Network meta-analysis (NMA) is a popular tool to synthesize direct and indirect evidence for multiple-treatment comparisons, while evidence inconsistency greatly threatens its validity. The inconsistency degrees of freedom (ICDF) assesses the potential that an NMA might suffer from inconsistency. Because multi-arm studies provide intrinsically consistent evidence and complicate the ICDF’s calculation, the existing measure of ICDF is applicable to NMAs with two-arm studies only. However, NMAs often contain multi-arm studies. Driven from the existing ICDF measure and the effective number of parameters of a Bayesian model, we generalize the method for calculating the ICDF. Under the fixed- or random-effects setting, the new ICDF measure is calculated as the difference between the effective numbers of parameters of the consistency and inconsistency NMA models. We used artificial NMAs created based on an illustrative example and 39 real-world NMAs to compare the existing and new measures and evaluate their performance. In NMAs with two-arm studies only, the proposed ICDF measure under the fixed-effects setting was nearly the same with the existing measure. Among the 39 real-world NMAs, 27 (69%) contained at least one multi-arm study; existing measure was not applicable to them. The proposed method produced interpretable ICDFs in all NMAs, regardless of the presence of multi-arm studies. In summary, the ICDF is an important characteristic of an NMA. The proposed method enables its calculation in generic NMAs, and it may be routinely reported in practice.

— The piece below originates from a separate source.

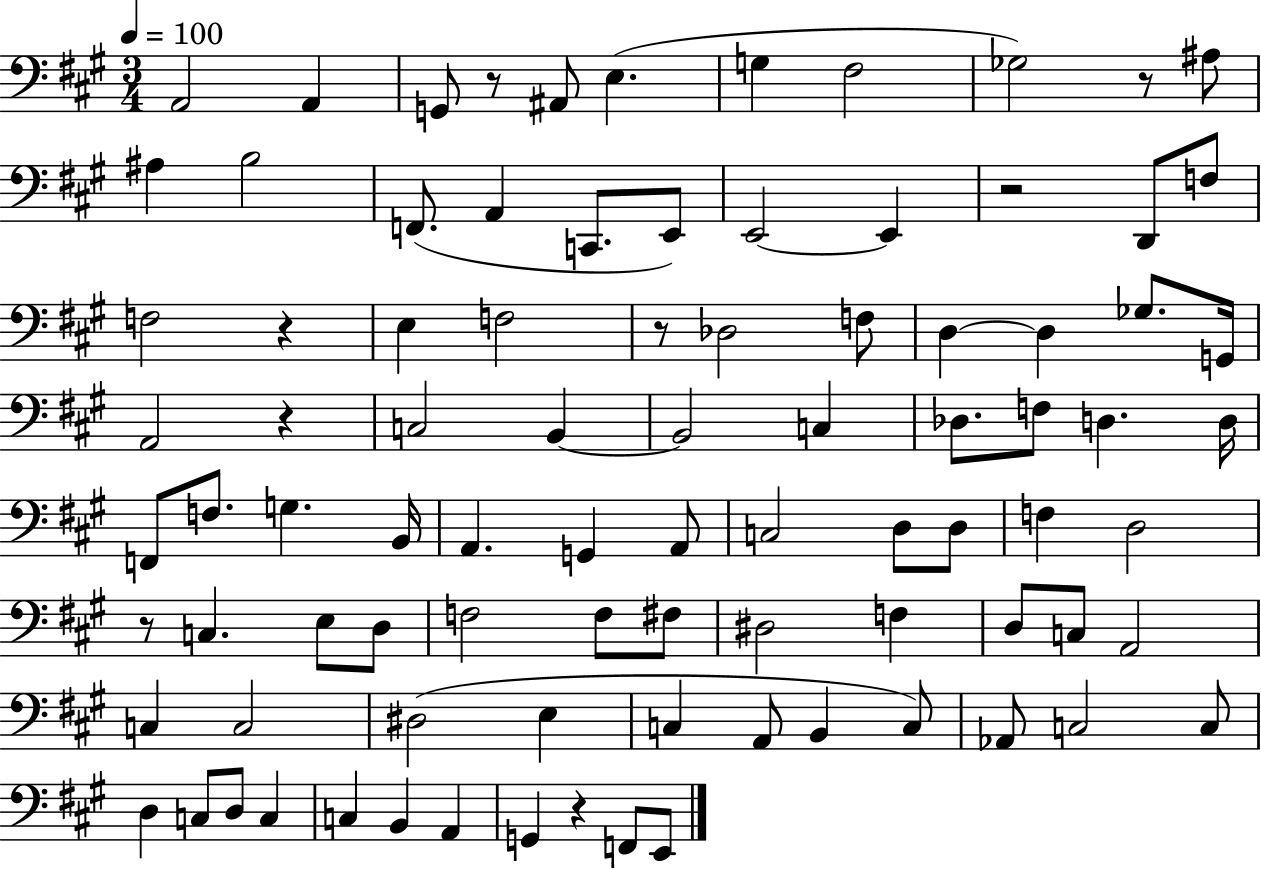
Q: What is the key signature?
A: A major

Title: Fitting Bayesian network meta-analysis models using SAS
Speaker: Amy Shi (SAS)

Network meta-analysis synthesizes direct and indirect evidence on multiple treatments from a collection of independent studies or randomized controlled trials. The most widely used method in this field is contrast-based, in which a baseline treatment needs to be specified in each study, and the analysis focuses on modeling treatment contrasts (relative treatment effects, typically log odds ratios). However, population averaged treatment-specific parameters, such as absolute risks, cannot be estimated by this method without an external data source or a separate model for a reference treatment. Therefore, the arm-based network meta-analysis method has been proposed and been used increasingly.  We show how to employ SAS Bayesian procedures, PROC MCMC and PROC BGLIMM, to fit various arm-based network meta-analysis models, to estimate both absolute and relative effects, and to handle binary, continuous, and count outcomes. Those SAS Bayesian procedures provide convenient access with high performance and efficient sampling. We present  several examples illustrating how to use them for estimation, inference, and prediction in Bayesian Network meta-analysis.

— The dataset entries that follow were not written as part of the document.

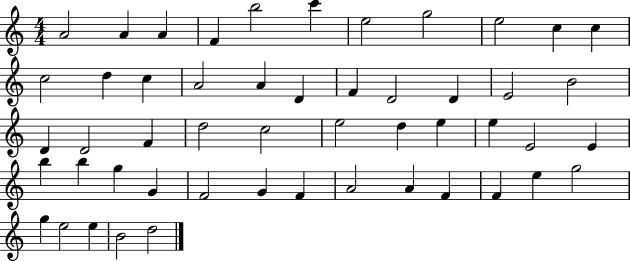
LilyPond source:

{
  \clef treble
  \numericTimeSignature
  \time 4/4
  \key c \major
  a'2 a'4 a'4 | f'4 b''2 c'''4 | e''2 g''2 | e''2 c''4 c''4 | \break c''2 d''4 c''4 | a'2 a'4 d'4 | f'4 d'2 d'4 | e'2 b'2 | \break d'4 d'2 f'4 | d''2 c''2 | e''2 d''4 e''4 | e''4 e'2 e'4 | \break b''4 b''4 g''4 g'4 | f'2 g'4 f'4 | a'2 a'4 f'4 | f'4 e''4 g''2 | \break g''4 e''2 e''4 | b'2 d''2 | \bar "|."
}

Title: Bayesian Hierarchical Models Estimating CACE Accounting for Noncompliance in Meta-analysis
Speaker: Haitao Chu (UMN)

Noncompliance to assigned treatments is a common challenge in the analysis and interpretation of a randomized clinical trial (RCT). One approach to handle noncompliance is to estimate the complier-average causal effect (CACE) using the principal stratification framework, where CACE measures the impact of an intervention in the subgroup of the population that complies with its assigned treatment. When noncompliance data are reported in each trial, intuitively one can implement a two-step approach (i.e. first estimating CACE for each study and then combining them using a fixed-effect or random effects model) to estimate the population-averaged CACE in a meta-analysis. However, it is common that some trials do not report noncompliance data.  The two-step approach can be less efficient and potentially biased as trials with incomplete noncompliance data are excluded. In this paper, we propose a flexible Bayesian hierarchical CACE framework to simultaneously account for heterogeneous and incomplete noncompliance data in a meta-analysis of RCTs. The performance of the proposed method is evaluated by extensive simulations, and an example of a meta-analysis estimating the CACE of epidural analgesia on cesarean section, in which only 10 out of 27 studies reported complete noncompliance data.